KC 203 – Instant Pot Lousong Soup (Hong Kong Borscht)

KC 203 – Instant Pot Lousong Soup (Hong Kong Borscht)

Why hello there! Welcome to Kitchen Catastrophe, and holy crap, are we late this week. The range of issues that delayed us included mental misfires, medical scares, and broken sleep schedules, but we’re HERE NOW, with a soup that we’re going to make MUCH harder than it has to be, for jokes only I really understand. For those of you who spit on history, you can click this link to get the recipe. For everyone else, let’s cover 500 years of culinary history in one country, 103 years of culinary history in ANOTHER country, at least 2 languages, and a computer error on our way to soup that can be made with only 2 steps. 

A Spark from a Failing Machine

So, today’s post is a Patreon Sponsored post, which is one of the reasons I was so dedicated to getting it done instead of delaying it.
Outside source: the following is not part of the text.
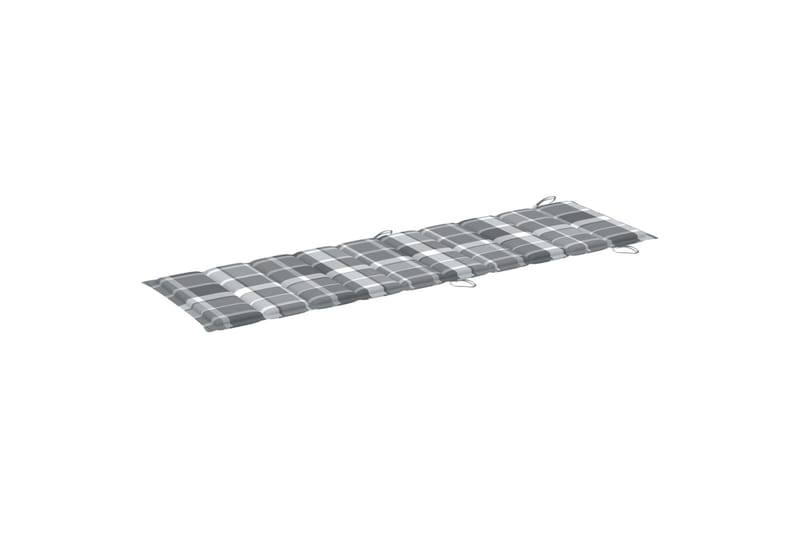 Solsängsdyna grå rutmönster 186x58x3 cm - Flerfärgad - Solsängsdynor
And it was one that suddenly jumped to my attention because of what I can only assume was a technical glitch. You may recall that last week we had some technical issues, that were the result of previous technical issues in December. To really condense the story: we had problems with Bluehost back in December, and while working out the technical details, realized that we don’t need to pay for all the services we have been paying them for. We asked to lower our service, they said sure, and then, due to some kind of misfiling on their end, their servers read that as “suspend the service” a week ago, so for a couple hours we didn’t own our website anymore. We sorted it all out, but after doing so, something funny happened.

Before I start uploading any post to the site, I check our analytics to see if the previous week’s posts are doing well, if our traffic is up or down, etc. We average in the high teens to low twenties for an average day, which is up from previous years.

The day our service came back, we got 103 views. Of which, 54 of them were people reading our Instant Pot Primer Quick Tip.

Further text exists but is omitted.